PiDeeL and DeepSurv models:

# 2-layer
python scripts/2layer/no_pathway/main.py  # DeepSurv
python scripts/2layer/pathway/main.py     # PiDeeL

# 3-layer
python scripts/3layer/no_pathway/main.py
python scripts/3layer/pathway/main.py

# 4-layer
python scripts/4layer/no_pathway/main.py
python scripts/4layer/pathway/main.py

Baseline models:

python scripts/baseline/coxph/main.py  # Cox Proportional Hazards
python scripts/baseline/cwgb/main.py   # Component-wise Gradient Boosting
python scripts/baseline/rf/main.py     # Random Survival Forest

Generating Figures

cd reproduction/figures/

# Generate all figures
python run_all_figures.py

# Or generate individual figures
python run_fig2.py      # Main comparison (Fig. 2)
python run_fig4.py      # Random connections ablation
python run_fig5.py      # Dropout analysis
python run_fig6.py      # External validation

Results

• C-Index results: reproduction/logs/*/c_indices.txt
• Generated figures: reproduction/figures/
• Training plots: reproduction/plots/

---

GPU/CPU Support

The code automatically detects GPU availability:

• GPU available: Uses CUDA for training (recommended)
• CPU only: Falls back to CPU (slower but functional)

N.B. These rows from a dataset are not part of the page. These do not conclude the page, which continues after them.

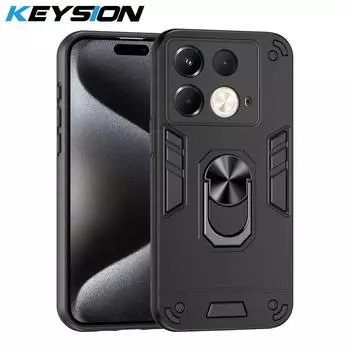KEYSION Противоударный бронированный чехол для Infinix Note 40S Мягкий силикон+ПК Чехол для телефона с кольцом-подставкой для Infinix Note 40 4G 5G 40 Pro+ 5G for Infinix Note 40S чёрный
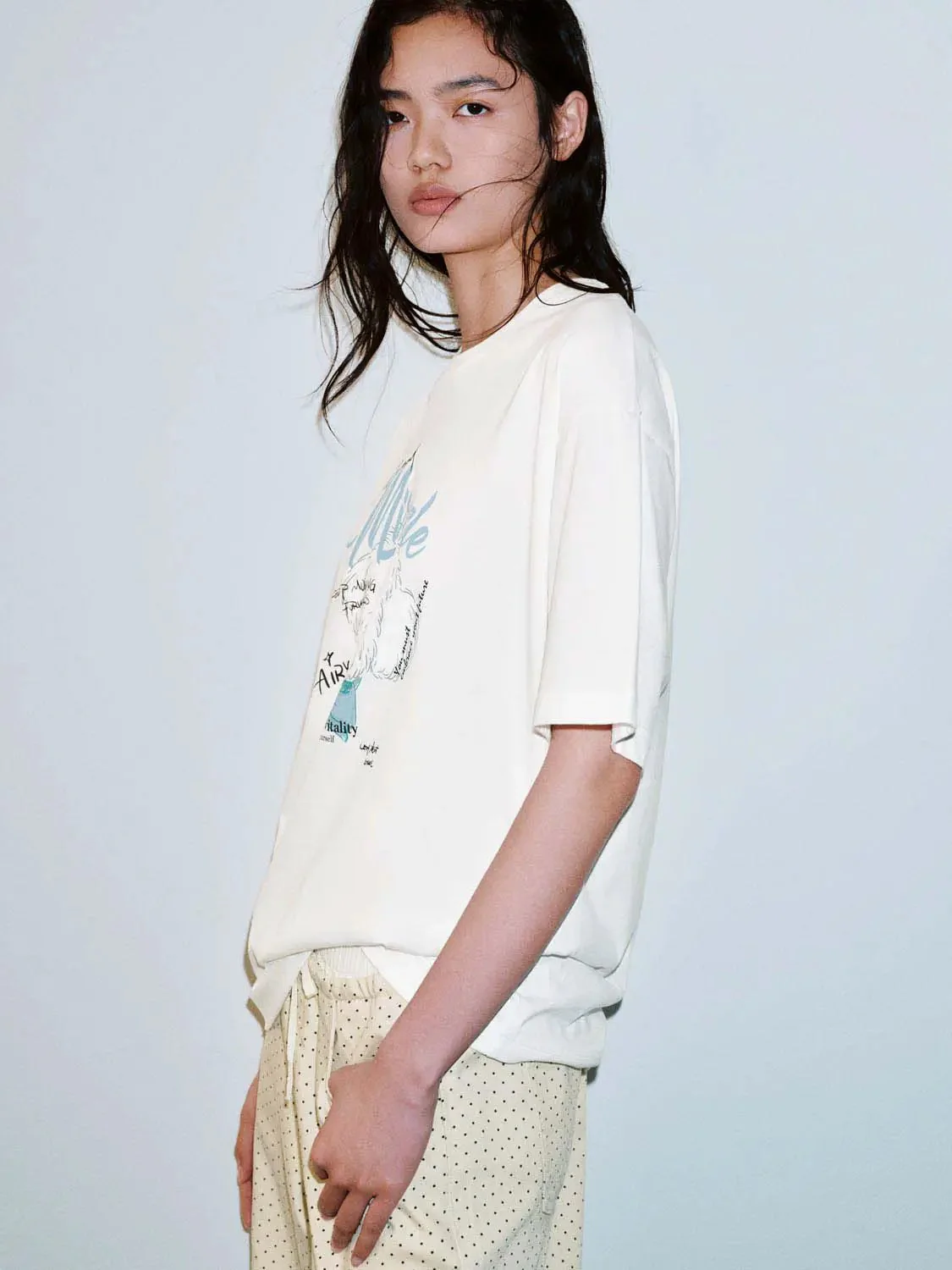 Cotton Graphic Dog Illustration With Miracle Print Tee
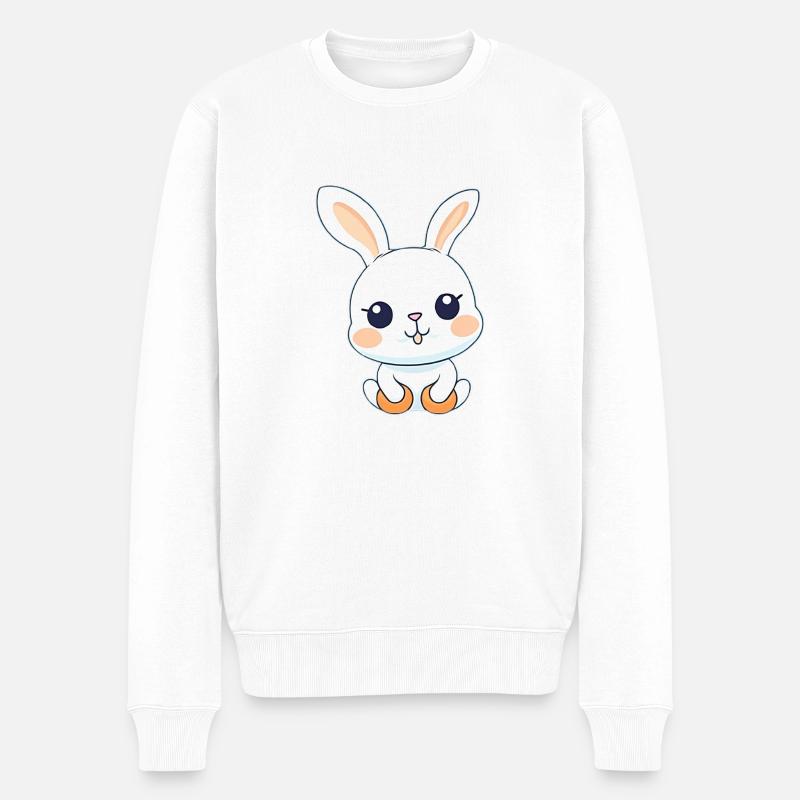 Süßer kleiner Hase - Männer Premium Bio Pullover - Weiß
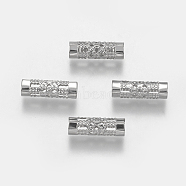 304 Stainless Steel Tube Beads, Stainless Steel Color, 12x4mm, Hole: 3mm(STAS-F195-030P)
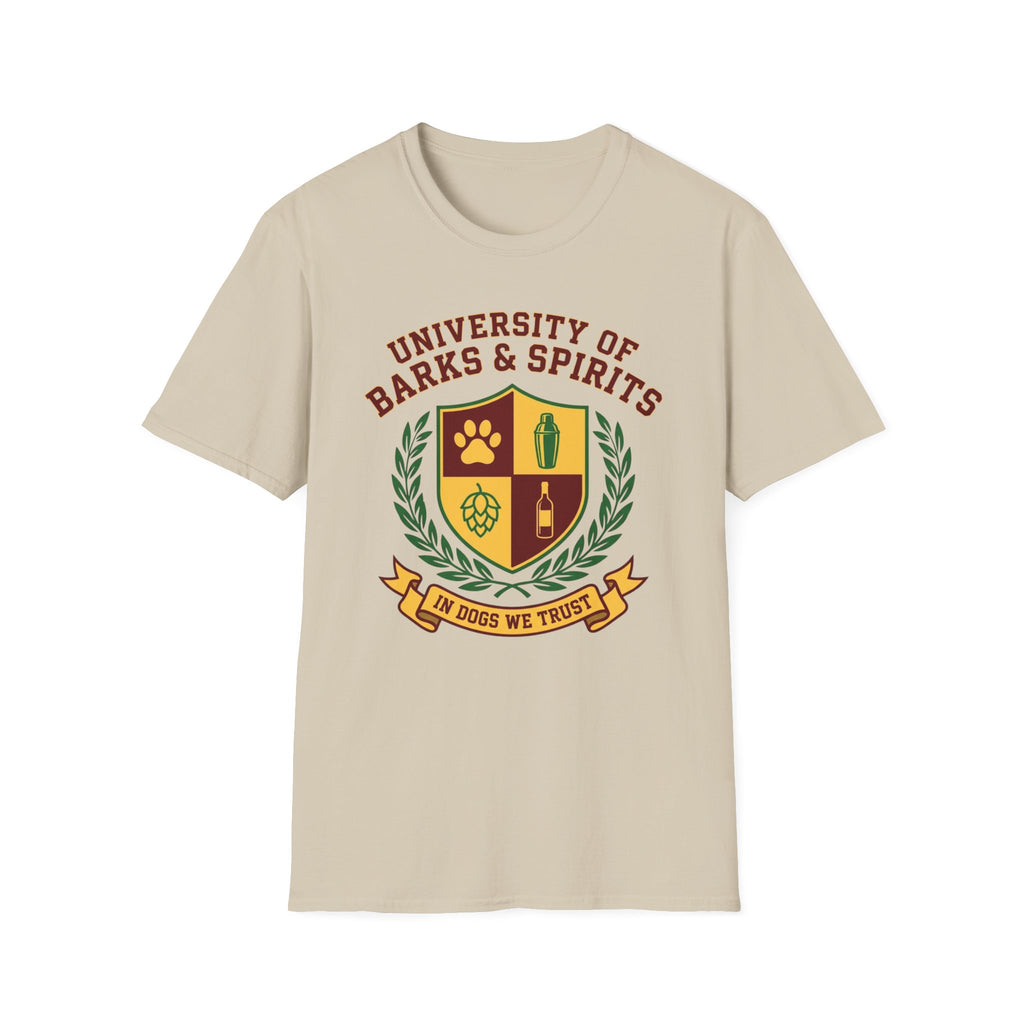 University of Barks & Spirits T-Shirt – "In Dogs We Trust" Crest Tee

No code changes needed - device selection is automatic via config.py.

---

Citation

If you use this code in your research, please cite:

@article{kaynar2023pideel,
  title={PiDeeL: metabolic pathway-informed deep learning model for survival analysis and pathological classification of gliomas},
  author={Kaynar, Gun and Cakmakci, Doruk and Bund, Caroline and Todeschi, Julien and Namer, Izzie Jacques and Cicek, A Ercument},
  journal={Bioinformatics},
  volume={39},
  number={11},
  pages={btad684},
  year={2023},
  publisher={Oxford University Press}
}

License

Distributed under the MIT License.

Contact

Gun Kaynar - gunkaynar.com

A. Ercument Cicek - http://ciceklab.cs.bilkent.edu.tr/ercument

Acknowledgements

This work was supported by grants from BPI France (ExtempoRMN Project), Hôpitaux Universitaires de Strasbourg, Bruker BioSpin, Univ. de Strasbourg and the Centre National de la Recherche Scientifique; also by TUBA GEBIP, Bilim Akademisi BAGEP and TUSEB Research Incentive awards to AEC.